Bu gruptaki çocukların yüzde 79’u düzenli olarak ilginç buldukları web sitelerini ziyaret ediyor ve günde ortalama 49 dakika bu iş için zaman ayırıyorlar. 0-6 yaş arası çocukları için yeni medya araçlarını kullanmak normal bir alışkanlık olmuş durumda.6 ve 6 yaşın altındaki çocukların yüzde 79’u sürekli basılı yayınları okuyor ve günde ortalama 49 dakikayı bu iş için ayırıyorlar. Ekrandan okumayı tercih eden çocuklar ise daha fazla okuyor.

Bu çocuklar günde 2 saat 22 dakika okumaya zaman ayırıyor. Yüzde 50’si video oyunu oynuyor Video oyunlarına gelince, çocukların yüzde 50’si bu oyunları oynuyor. Bu oyun oynayan yüzde 50’lik grubun yüzde 25’i günde en az bir saatlerini video veya bilgisayar oyununa ayırıyor.Video oyun oynayanların cinsiyet dağılımına baktığımızda, tatil günlerinde erkeklerin yüzde 56’sının, kızların ise yüzde 36’sının oyun oynadığını görüyoruz. Diğer günlerde video oyunu oynama oranı düşüyor.

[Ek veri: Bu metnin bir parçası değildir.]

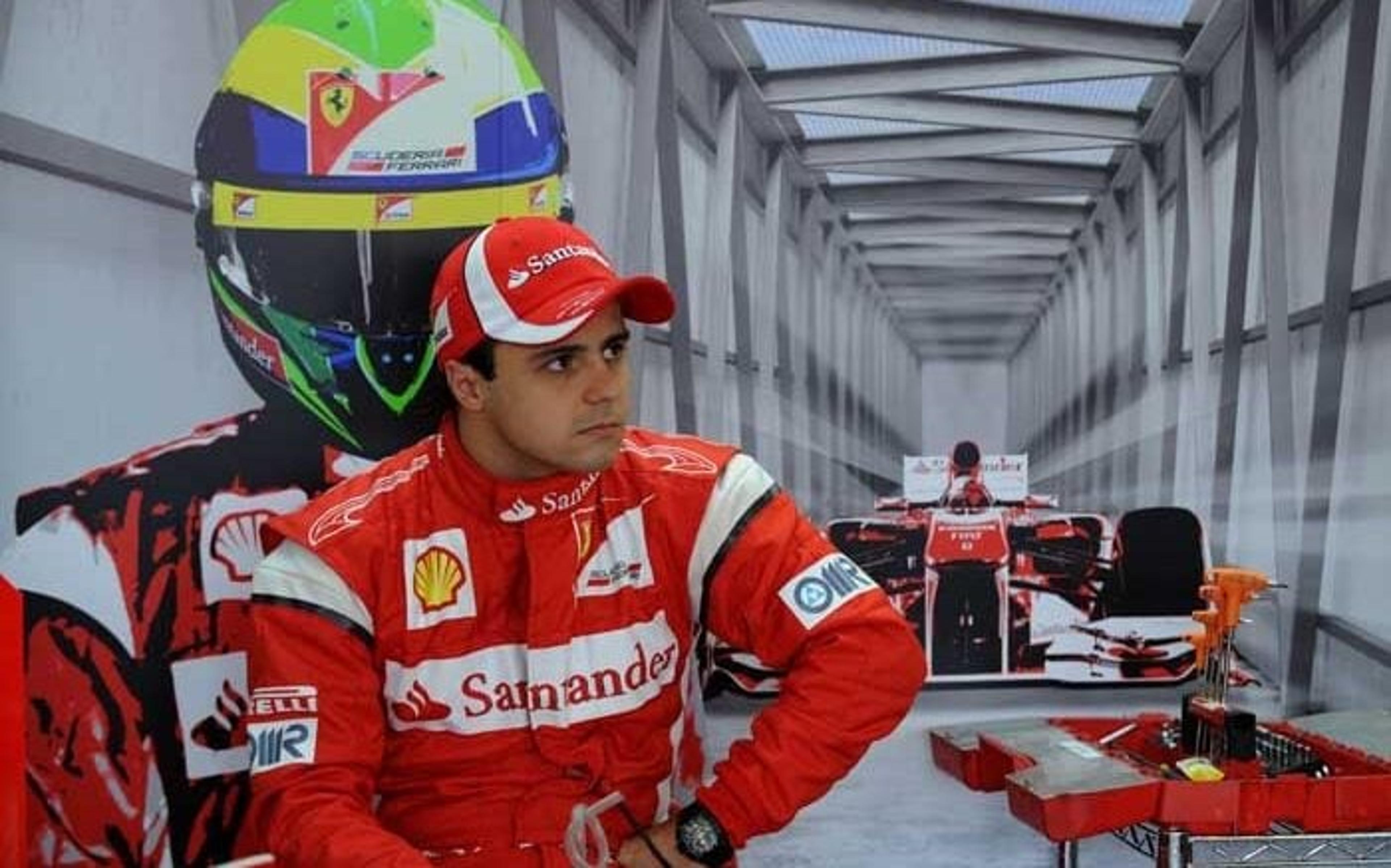 Felipe Massa se diz campeão da F1 2008 e critica ‘duas caras’ Alonso: ‘Manipulação’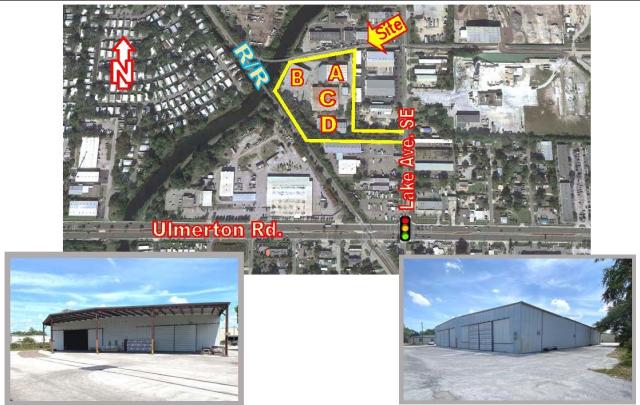 7.1 Acre Industrial Site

Tatil dışı günlerde, erkeklerin yüzde 24’ü, kızların ise sadece yüzde 8’i oyun oynuyor.

Çocuklarımız yarışın dışında kalmasın Gelişmiş ülkelerde teknoloji kullanımının bu denli gelişmiş olduğu biliniyordu. Ancak çocukların teknoloji kullanımıyla ilgili, özellikle de 0-6 yaş arasını değerlendiren bu araştırma oldukça önemli. Teknolojik gelişmişlikte ve teknoloji kullanımında ilk sırada yer alan ABD’de çocukların teknolojiyle bu kadar içli dışlı olmasına belki de şaşırmamak gerekiyor. Yaşadığımız, eğitim aldığımız koşullar ve hatta teneffüs ettiğimiz hava bile daha farklı. Şimdi yapmamız gereken, çocuklarımızı bu yarışın dışında kalmayacak şekilde yetiştirmek ve onlara gerekli koşulları sağlamak. Çünkü her geçen dakika bizim zararımıza.